Extracted records section start

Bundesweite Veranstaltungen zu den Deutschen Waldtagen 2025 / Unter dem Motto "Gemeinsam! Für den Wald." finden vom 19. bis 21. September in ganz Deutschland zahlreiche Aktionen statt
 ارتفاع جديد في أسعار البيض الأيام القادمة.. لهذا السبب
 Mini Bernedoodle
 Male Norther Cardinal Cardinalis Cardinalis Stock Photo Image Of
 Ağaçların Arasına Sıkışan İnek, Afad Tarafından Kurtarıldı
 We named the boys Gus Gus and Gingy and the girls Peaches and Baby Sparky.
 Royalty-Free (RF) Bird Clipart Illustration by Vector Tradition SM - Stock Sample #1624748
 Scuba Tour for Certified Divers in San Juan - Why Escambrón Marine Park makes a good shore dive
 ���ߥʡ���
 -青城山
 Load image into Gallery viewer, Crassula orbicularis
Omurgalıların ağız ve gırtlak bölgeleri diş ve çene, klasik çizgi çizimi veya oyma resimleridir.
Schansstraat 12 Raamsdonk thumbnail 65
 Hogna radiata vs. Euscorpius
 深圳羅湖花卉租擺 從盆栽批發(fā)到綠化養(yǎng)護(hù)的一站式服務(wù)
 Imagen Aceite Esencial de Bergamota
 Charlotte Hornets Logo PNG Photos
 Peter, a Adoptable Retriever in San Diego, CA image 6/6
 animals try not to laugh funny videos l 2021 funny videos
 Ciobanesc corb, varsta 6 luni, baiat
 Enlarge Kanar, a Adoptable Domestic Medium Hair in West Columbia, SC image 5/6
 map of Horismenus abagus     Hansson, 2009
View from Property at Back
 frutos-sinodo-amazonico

Extracted records section end

What needs to be done: Give again, word for word, every line from the one holding "Charlotte Hornets Logo PNG Photos" to the end of the data.

Response to this exercise:
 Charlotte Hornets Logo PNG Photos
 Peter, a Adoptable Retriever in San Diego, CA image 6/6
 animals try not to laugh funny videos l 2021 funny videos
 Ciobanesc corb, varsta 6 luni, baiat
 Enlarge Kanar, a Adoptable Domestic Medium Hair in West Columbia, SC image 5/6
 map of Horismenus abagus     Hansson, 2009
View from Property at Back
 frutos-sinodo-amazonico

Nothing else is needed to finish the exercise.